This repo contains the source code of my project carried out during my academic experience at the University of Bologna and subsequently updated to improve the results.
The primary goal of the project is to estimate the pure premium of an auto insurance portfolio and create tariff classes to identify policyholders' risk factors.
Data comes from the R CASdatasets
package, a collection of datasets originally for the book "Computational Actuarial Science with R" edited by Arthur Charpentier.
In particular, the datasets used are freMTPLfreq
, which contains the risk characteristics and the number of claims per policy (413,169 policies), and freMTPLsev
, which contains the claim amount and the corresponding policy ID.
-
Converted numerical features into categorical/ordinal (age of the driver, age of the car, population density) to create tariff risk classes
-
Removed policies with large claims (100th percentile of the distribution of the claim amount variable)
-
Exploratory analysis of features and outcomes
Following the actuarial practice, the pure premium is obtained by multiplying two components, the estimated claim frequency and cost.
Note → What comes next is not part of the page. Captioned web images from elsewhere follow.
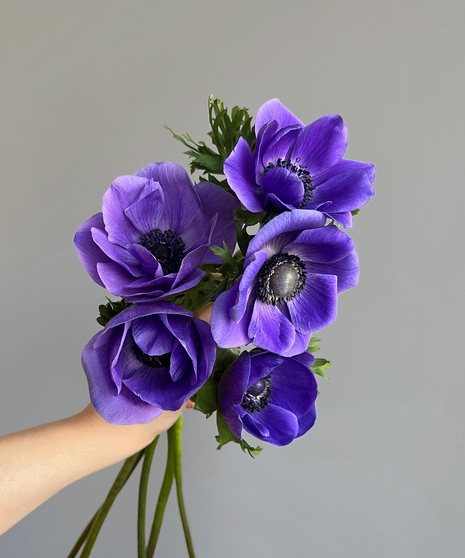 Anemone BLUE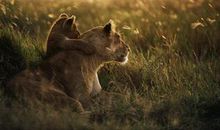 关于亲情优美的句子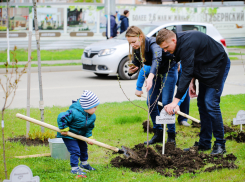 В «Губернском» и «Панораме» во время Всекубанского субботника высадили 100 фамильных деревьев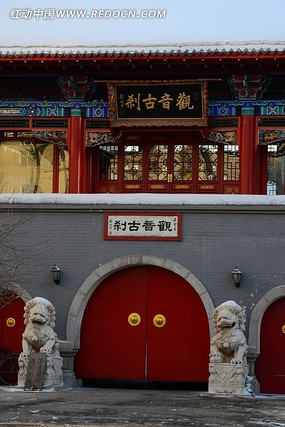 ����¥����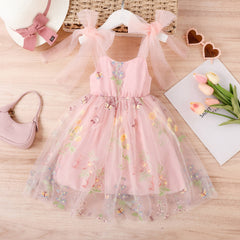 Toddler Girl Sweet Tulle Embroider Dress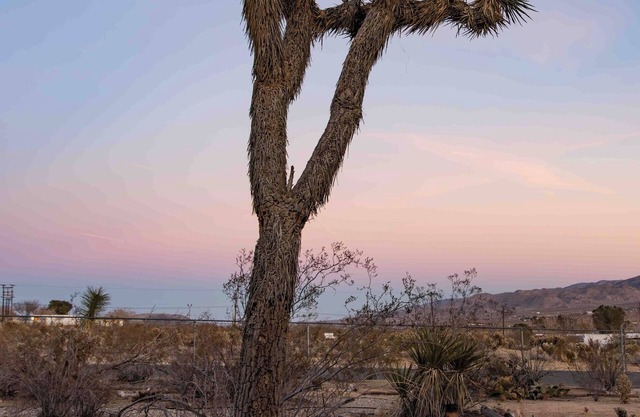 Charming 2-bedroom house in wonderful Joshua Tree with AC, WiFi, & Park views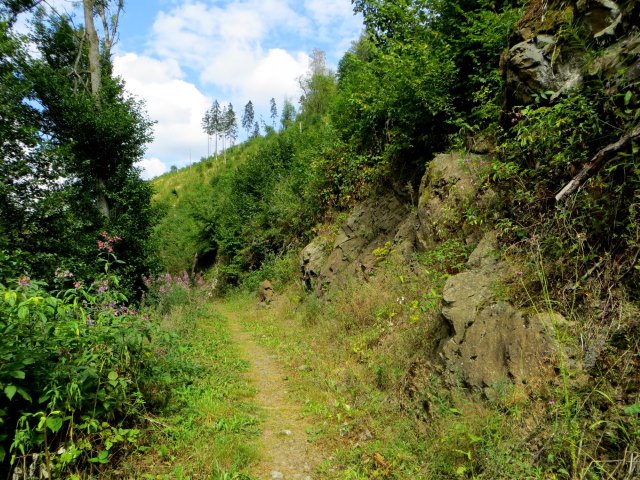 Joggingtour durchs Steinachtal und Frankenwald am 15.08.2015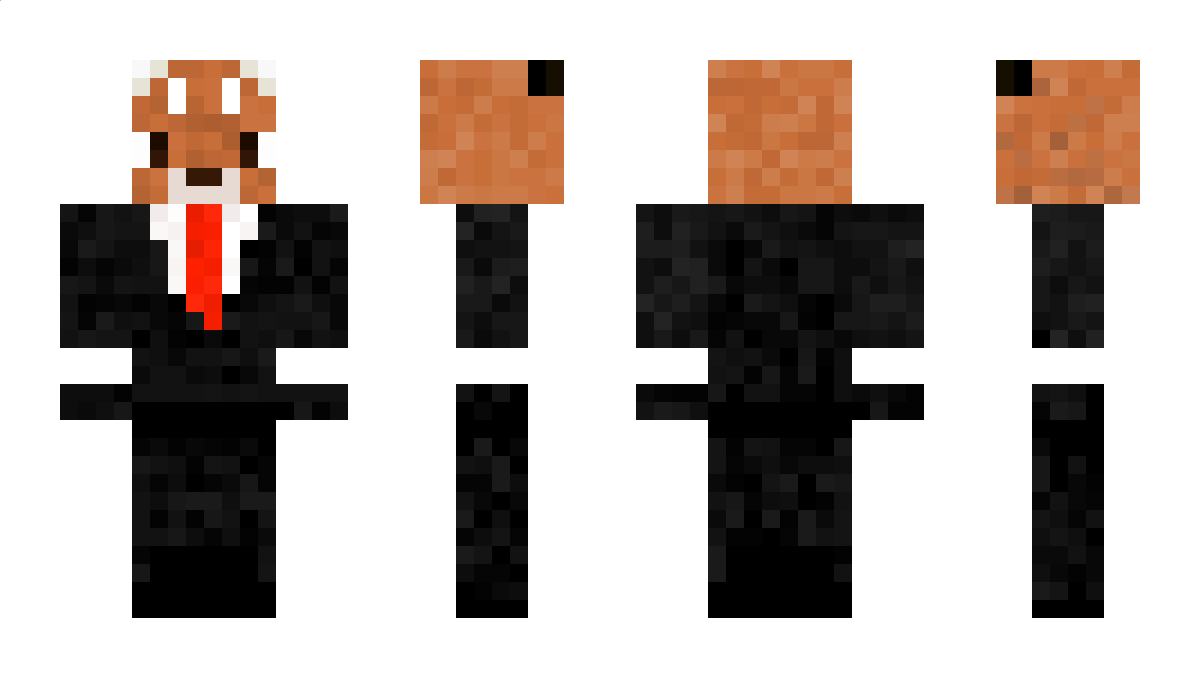 swjn Minecraft Skin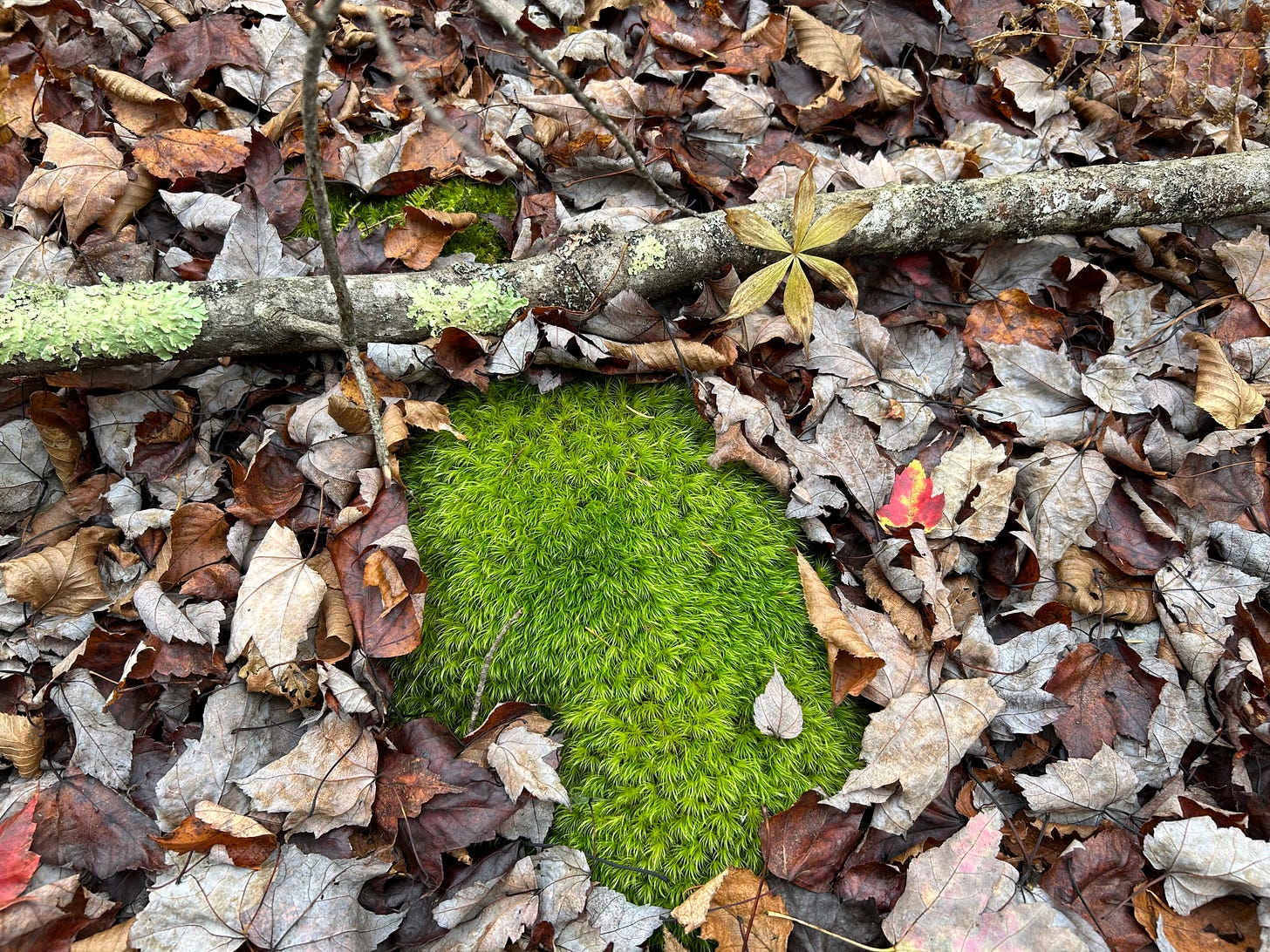 A particularly electric green patch of moss poking out amongst fallen leaves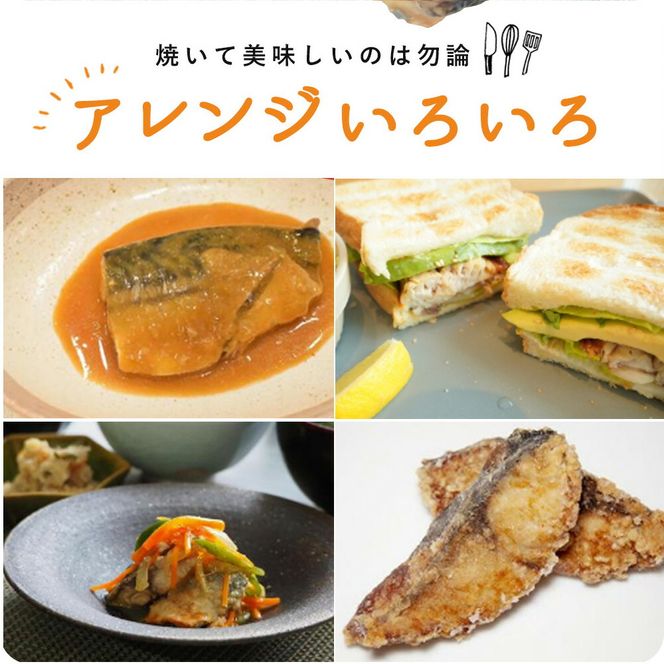 【全3回】大容量！ ご家庭用 塩さばフィレをたっぷりお届け定期便 / さば サバ 鯖 フィレ 切り身 切身 魚 海鮮 焼き魚 おかず 定期便【tkb354】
Therefore, two models are estimated separately, one for the claim frequency and one for the average claim amount (severity).
As the premium and the new tariff classes will also have to be applied to future policies, Cross Validation techniques are used to select the most relevant features and the most accurate predictive models.
The analysis is structured in the following steps:
-
Splitting data into training and test set
-
Feature selection using the Random Forest algorithm
-
Comparison of different counting data models (Poisson Regression, Negative Binomial, Zero-Inflated and Hurdle models), to predict claim frequency. The models are evaluated using the Dawid-Sebastiani scoring rule on test sample (the lower the better)
-
Gamma Regression to predict claim severity
After choosing the best models using the test sample, they are fitted on the full dataset to calculate the pure premium and then the accuracy of this prediction is evaluated with respect to the observed data, using MAE and RMSE.
The coefficients estimated on the full sample of the two chosen models are exponentiated, and the relativities of the risk factors are calculated from these values.